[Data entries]
———
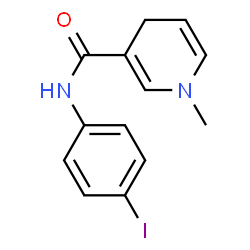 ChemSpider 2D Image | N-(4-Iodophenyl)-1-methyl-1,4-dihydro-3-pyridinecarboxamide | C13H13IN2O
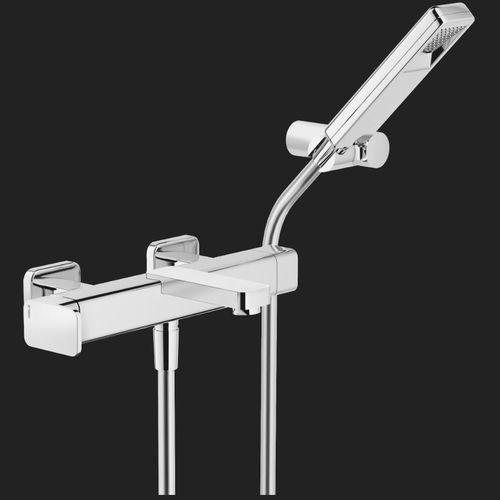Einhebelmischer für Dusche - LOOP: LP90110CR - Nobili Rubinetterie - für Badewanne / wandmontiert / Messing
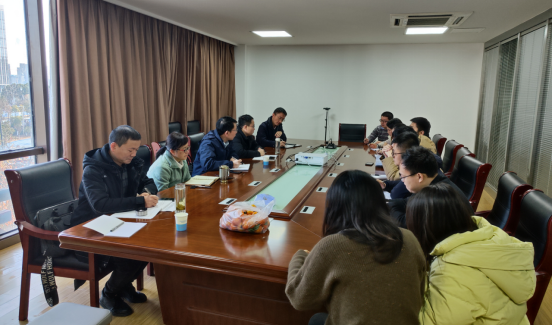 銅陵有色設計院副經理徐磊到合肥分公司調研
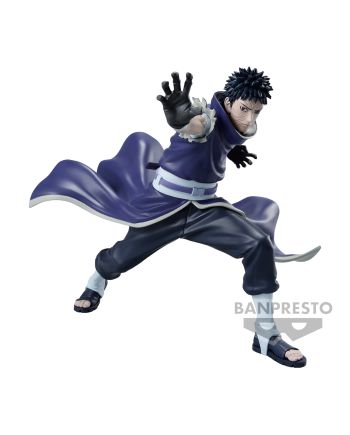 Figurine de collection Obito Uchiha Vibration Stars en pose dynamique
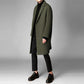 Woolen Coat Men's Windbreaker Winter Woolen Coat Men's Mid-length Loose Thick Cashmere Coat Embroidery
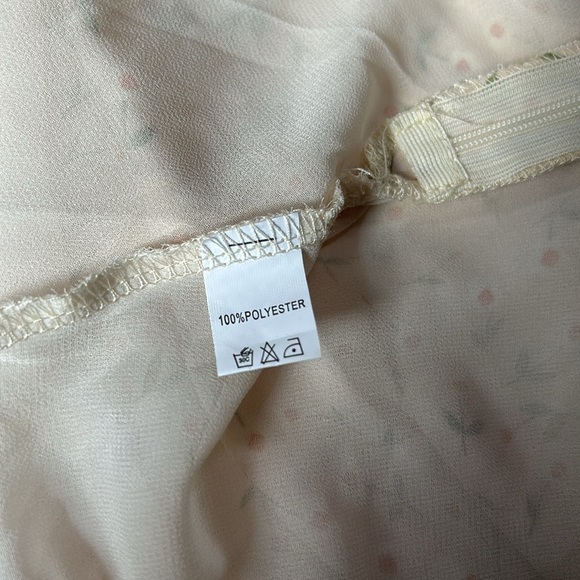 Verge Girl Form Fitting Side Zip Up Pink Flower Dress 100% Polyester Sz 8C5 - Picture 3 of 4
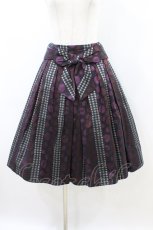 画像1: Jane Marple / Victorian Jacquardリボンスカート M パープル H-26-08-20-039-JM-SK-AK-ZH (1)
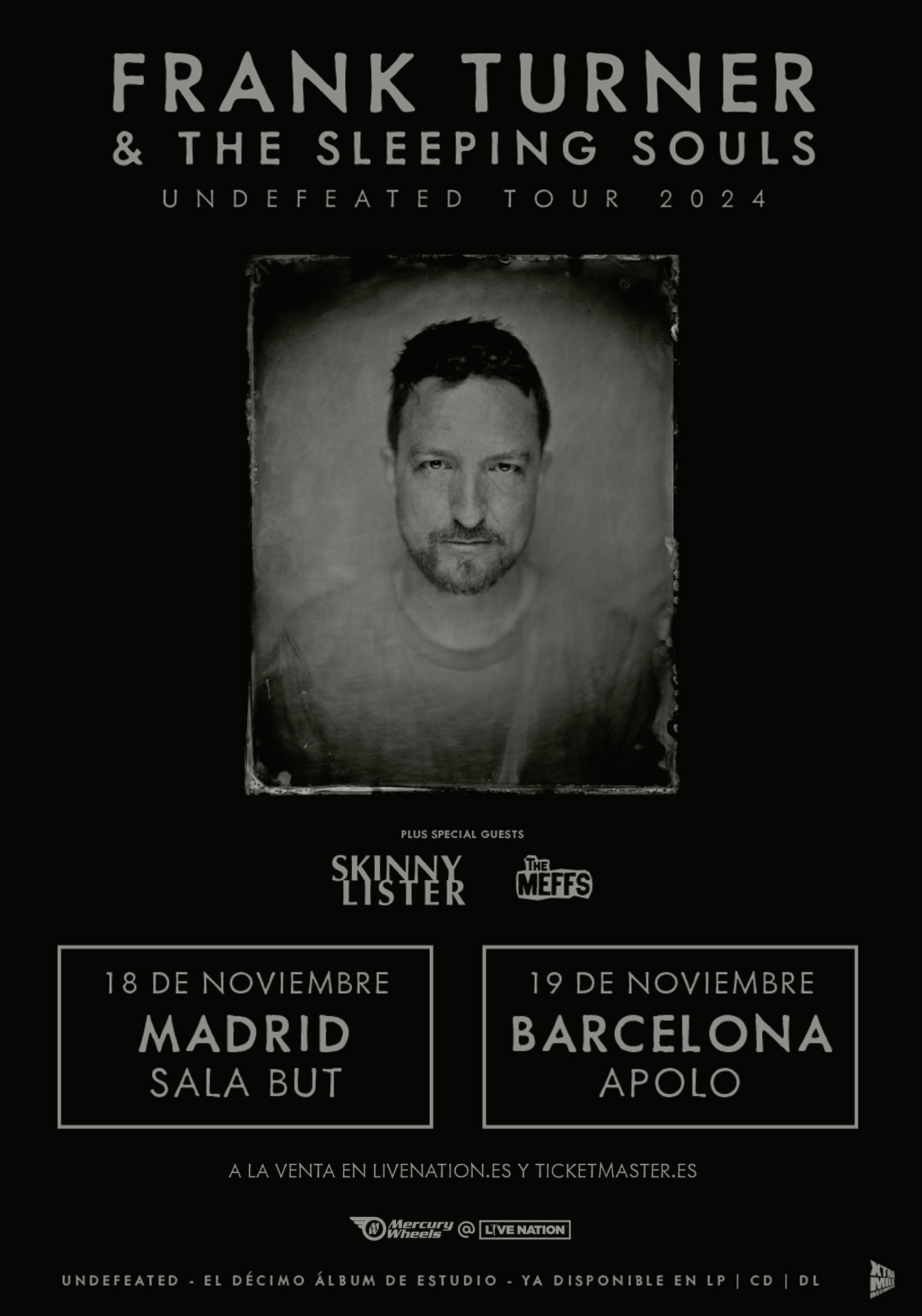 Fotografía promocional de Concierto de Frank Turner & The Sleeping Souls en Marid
———
[The problem] In the records above, find the line with "Woolen Coat Men's Windbreaker" and the line with "Verge Girl Form", then restate word for word only those two lines and all lines between, omitting pictures.

[Reply to the task]
 Woolen Coat Men's Windbreaker Winter Woolen Coat Men's Mid-length Loose Thick Cashmere Coat Embroidery
 Verge Girl Form Fitting Side Zip Up Pink Flower Dress 100% Polyester Sz 8C5 - Picture 3 of 4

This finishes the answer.